[Opening Dataset excerpts section]

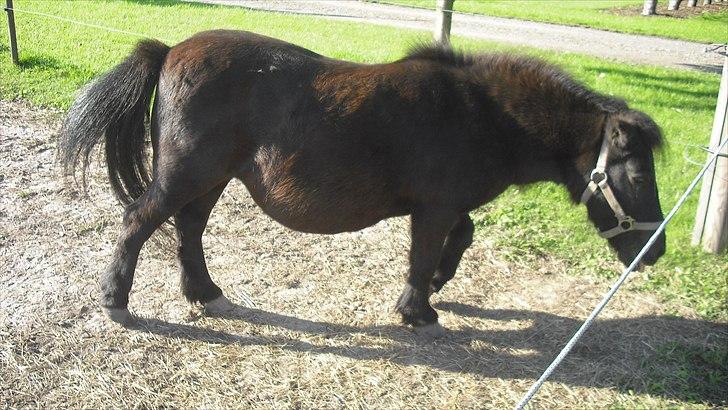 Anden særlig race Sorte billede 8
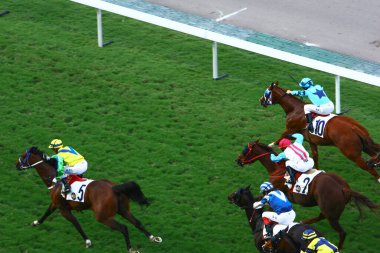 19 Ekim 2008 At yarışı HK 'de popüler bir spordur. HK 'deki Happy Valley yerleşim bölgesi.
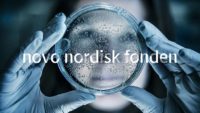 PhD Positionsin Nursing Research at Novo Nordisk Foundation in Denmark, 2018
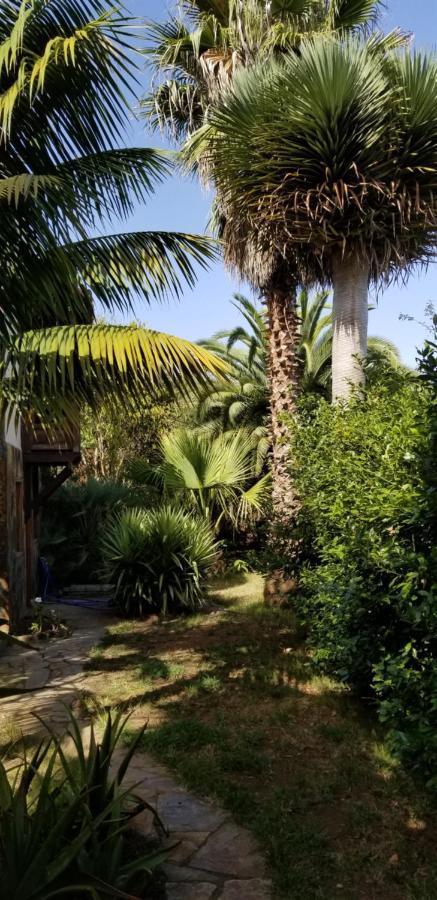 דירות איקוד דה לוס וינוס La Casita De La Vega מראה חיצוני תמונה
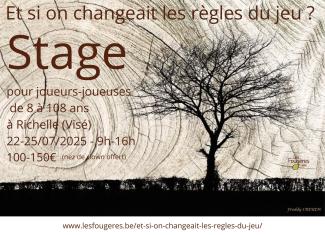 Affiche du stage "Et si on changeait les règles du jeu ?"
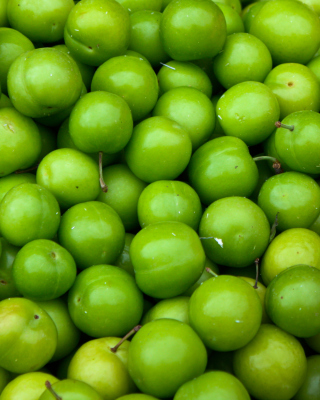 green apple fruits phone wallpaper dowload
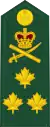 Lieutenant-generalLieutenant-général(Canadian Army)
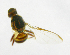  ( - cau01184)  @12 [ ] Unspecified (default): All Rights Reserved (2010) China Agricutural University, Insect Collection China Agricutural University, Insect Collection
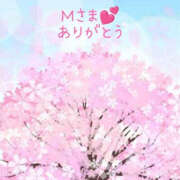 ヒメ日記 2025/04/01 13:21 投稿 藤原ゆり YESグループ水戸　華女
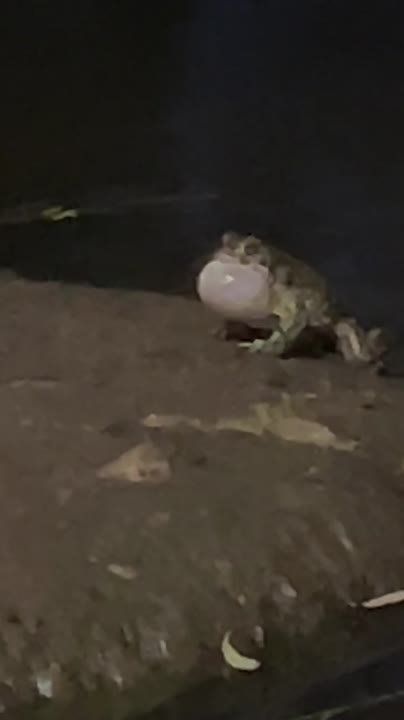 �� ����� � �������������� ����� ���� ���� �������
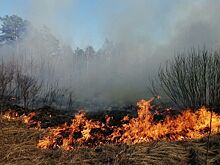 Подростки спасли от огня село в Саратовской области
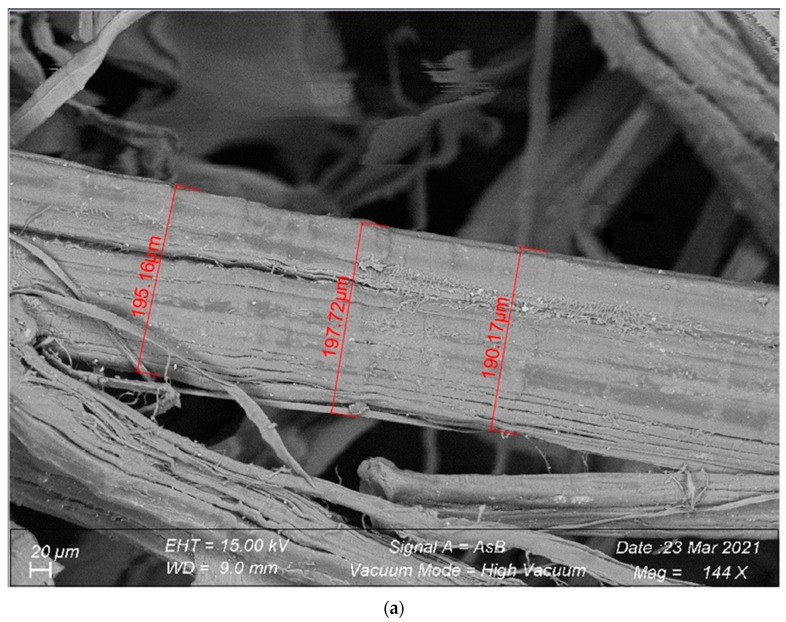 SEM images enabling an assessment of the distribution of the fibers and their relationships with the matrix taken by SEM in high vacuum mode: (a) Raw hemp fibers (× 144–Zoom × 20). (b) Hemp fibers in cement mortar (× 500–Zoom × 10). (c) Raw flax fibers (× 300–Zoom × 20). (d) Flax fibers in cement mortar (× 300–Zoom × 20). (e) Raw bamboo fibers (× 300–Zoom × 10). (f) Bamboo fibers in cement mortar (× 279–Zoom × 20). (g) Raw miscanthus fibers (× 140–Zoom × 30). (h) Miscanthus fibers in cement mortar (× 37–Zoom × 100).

[Closing Dataset excerpts section]

→ Exercise directions: Each line above that falls between the line with "Lieutenant-gen" and the line with "Подростки спасли от" should be printed exactly, together with those two lines, but the pictures should not.

→ Task answer:
 Lieutenant-generalLieutenant-général(Canadian Army)
  ( - cau01184)  @12 [ ] Unspecified (default): All Rights Reserved (2010) China Agricutural University, Insect Collection China Agricutural University, Insect Collection
 ヒメ日記 2025/04/01 13:21 投稿 藤原ゆり YESグループ水戸　華女
 �� ����� � �������������� ����� ���� ���� �������
 Подростки спасли от огня село в Саратовской области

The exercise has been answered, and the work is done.